Monitoring costs of containerized workloads in EKS using OpenCost and AWS Managed Prometheus / Grafana

Oleksii Bebych

January 25, 2024

Problem statement

Using clouds is convenient and has many advantages, like allocating as much workload as you need immediately, deploying globally pretty fast, focusing on business instead of maintaining a data center, etc. But on the other hand, you need to be really careful about costs, understand how cloud providers charge you, and how to monitor your costs continuously. AWS Billing and Cost Management provides you with detailed reports, AWS Budgets can help you with planning and alerting in unforeseen situations, but if we are talking about containerized workloads, especially in EKS, there is no native way to look inside the cluster and understand what kind of workload costs more than expected, is there a way to identify overprovisioned resources and optimize the usage. There are many tools on the market recently, for example:

In this particular case, we wanted to avoid extra payments for licensing new products and utilize the current solutions as much as possible. Opencost was chosen as a free and lightweight application that can be integrated with Prometheus and Grafana, which are currently used for overall monitoring.
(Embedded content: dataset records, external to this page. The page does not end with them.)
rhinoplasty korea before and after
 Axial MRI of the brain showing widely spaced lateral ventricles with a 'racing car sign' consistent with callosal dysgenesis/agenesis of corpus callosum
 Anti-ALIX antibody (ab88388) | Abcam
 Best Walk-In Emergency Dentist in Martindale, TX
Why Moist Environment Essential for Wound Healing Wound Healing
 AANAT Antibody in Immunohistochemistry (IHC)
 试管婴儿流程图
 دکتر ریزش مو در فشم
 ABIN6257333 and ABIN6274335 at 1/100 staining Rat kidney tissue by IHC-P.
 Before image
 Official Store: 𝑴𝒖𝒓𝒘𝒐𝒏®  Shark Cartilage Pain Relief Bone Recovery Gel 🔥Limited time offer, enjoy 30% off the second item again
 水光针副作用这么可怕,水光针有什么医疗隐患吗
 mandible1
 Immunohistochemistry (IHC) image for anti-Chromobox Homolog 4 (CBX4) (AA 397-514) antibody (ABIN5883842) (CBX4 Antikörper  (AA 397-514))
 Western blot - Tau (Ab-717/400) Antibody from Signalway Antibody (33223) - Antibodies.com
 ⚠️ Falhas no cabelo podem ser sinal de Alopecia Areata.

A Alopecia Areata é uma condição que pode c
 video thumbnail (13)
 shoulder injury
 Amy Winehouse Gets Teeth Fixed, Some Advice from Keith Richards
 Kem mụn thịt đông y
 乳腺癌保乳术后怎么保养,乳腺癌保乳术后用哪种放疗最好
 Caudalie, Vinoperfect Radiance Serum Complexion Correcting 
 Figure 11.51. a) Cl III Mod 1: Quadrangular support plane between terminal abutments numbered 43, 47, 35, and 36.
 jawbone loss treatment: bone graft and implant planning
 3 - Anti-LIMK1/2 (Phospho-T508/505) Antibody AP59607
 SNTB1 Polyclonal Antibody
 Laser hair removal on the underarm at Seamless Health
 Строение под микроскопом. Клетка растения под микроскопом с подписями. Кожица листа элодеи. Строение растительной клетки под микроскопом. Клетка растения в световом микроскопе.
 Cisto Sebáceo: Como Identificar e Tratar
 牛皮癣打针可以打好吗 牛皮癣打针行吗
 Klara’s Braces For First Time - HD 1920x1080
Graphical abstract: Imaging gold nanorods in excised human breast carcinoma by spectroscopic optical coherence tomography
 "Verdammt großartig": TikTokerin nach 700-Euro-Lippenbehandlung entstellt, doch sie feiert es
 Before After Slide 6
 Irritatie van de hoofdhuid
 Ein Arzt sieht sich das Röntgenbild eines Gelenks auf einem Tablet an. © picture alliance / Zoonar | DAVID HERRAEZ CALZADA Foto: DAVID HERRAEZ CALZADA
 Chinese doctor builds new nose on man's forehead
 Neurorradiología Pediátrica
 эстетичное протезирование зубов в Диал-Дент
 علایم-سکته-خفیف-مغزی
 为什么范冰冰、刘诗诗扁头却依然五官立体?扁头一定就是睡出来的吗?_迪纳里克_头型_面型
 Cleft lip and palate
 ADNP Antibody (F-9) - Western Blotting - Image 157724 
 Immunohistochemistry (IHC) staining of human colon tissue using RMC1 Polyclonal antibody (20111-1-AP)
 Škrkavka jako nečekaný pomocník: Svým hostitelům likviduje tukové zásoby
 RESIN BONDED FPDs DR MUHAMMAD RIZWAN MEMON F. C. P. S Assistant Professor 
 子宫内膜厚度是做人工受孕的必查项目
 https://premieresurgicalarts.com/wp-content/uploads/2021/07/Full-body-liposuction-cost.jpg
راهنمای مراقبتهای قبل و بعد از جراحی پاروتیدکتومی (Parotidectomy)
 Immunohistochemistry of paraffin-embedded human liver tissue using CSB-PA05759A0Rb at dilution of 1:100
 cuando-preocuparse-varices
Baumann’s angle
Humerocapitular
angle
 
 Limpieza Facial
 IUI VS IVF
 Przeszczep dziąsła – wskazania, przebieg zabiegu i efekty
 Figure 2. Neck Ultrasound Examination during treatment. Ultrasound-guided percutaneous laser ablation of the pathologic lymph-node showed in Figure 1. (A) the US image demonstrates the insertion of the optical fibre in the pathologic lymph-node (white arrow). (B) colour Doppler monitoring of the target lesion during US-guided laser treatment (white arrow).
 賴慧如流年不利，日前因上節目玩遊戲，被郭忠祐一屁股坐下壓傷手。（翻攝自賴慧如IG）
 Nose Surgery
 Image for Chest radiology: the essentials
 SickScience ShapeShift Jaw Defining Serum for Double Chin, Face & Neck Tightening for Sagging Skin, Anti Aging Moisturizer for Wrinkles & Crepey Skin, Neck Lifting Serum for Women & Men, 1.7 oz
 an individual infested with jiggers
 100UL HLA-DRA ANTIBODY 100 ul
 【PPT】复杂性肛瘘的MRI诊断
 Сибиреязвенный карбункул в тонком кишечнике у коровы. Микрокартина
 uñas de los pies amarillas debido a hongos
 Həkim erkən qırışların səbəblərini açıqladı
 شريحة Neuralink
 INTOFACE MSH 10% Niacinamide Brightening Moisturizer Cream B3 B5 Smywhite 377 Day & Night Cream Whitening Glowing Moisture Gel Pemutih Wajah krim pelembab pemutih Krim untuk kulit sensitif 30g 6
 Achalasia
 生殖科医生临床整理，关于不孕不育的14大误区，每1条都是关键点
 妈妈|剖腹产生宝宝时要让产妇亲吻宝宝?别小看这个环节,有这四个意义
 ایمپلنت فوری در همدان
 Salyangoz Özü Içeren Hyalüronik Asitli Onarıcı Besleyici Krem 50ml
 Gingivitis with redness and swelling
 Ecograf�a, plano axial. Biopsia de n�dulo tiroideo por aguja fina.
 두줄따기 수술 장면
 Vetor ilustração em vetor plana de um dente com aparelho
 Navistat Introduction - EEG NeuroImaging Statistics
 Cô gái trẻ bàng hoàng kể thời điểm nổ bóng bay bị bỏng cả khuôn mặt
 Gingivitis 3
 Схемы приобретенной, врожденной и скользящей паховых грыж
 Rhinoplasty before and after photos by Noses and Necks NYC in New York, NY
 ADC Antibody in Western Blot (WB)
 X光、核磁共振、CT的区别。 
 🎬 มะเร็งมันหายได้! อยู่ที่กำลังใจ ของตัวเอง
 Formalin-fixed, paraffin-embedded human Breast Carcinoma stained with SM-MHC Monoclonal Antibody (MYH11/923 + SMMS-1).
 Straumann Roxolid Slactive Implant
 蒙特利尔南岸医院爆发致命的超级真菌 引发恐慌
More information about configuring them is in this post.

Solution overview

Opencost remote write to AMP

In the previous post regarding Prometheus remote write configuration, we covered how to install and configure the Kube Prometheus Stack with AWS Managed Prometheus as a persistent storage for metrics.

Opencost shows a capability to do a similar thing:

Here is an example of values in the Helm chart
Prometheus and Opencost Helm charts were installed as part of infrastructure via Terraform along with the EKS cluster itself:

### Variables
variable "amp_workspace_id" { type = string }
variable "opencost_helm_version" { default = "1.29.0" }
variable "opencost_service_account_name" { type = string }

data "aws_iam_policy_document" "opencost-oidc-assume-role-policy" {
  statement {
    actions = ["sts:AssumeRoleWithWebIdentity"]
    effect  = "Allow"

    condition {
      test     = "StringEquals"
      variable = "${replace(var.iam_openid_provider_url, "https://", "")}:sub"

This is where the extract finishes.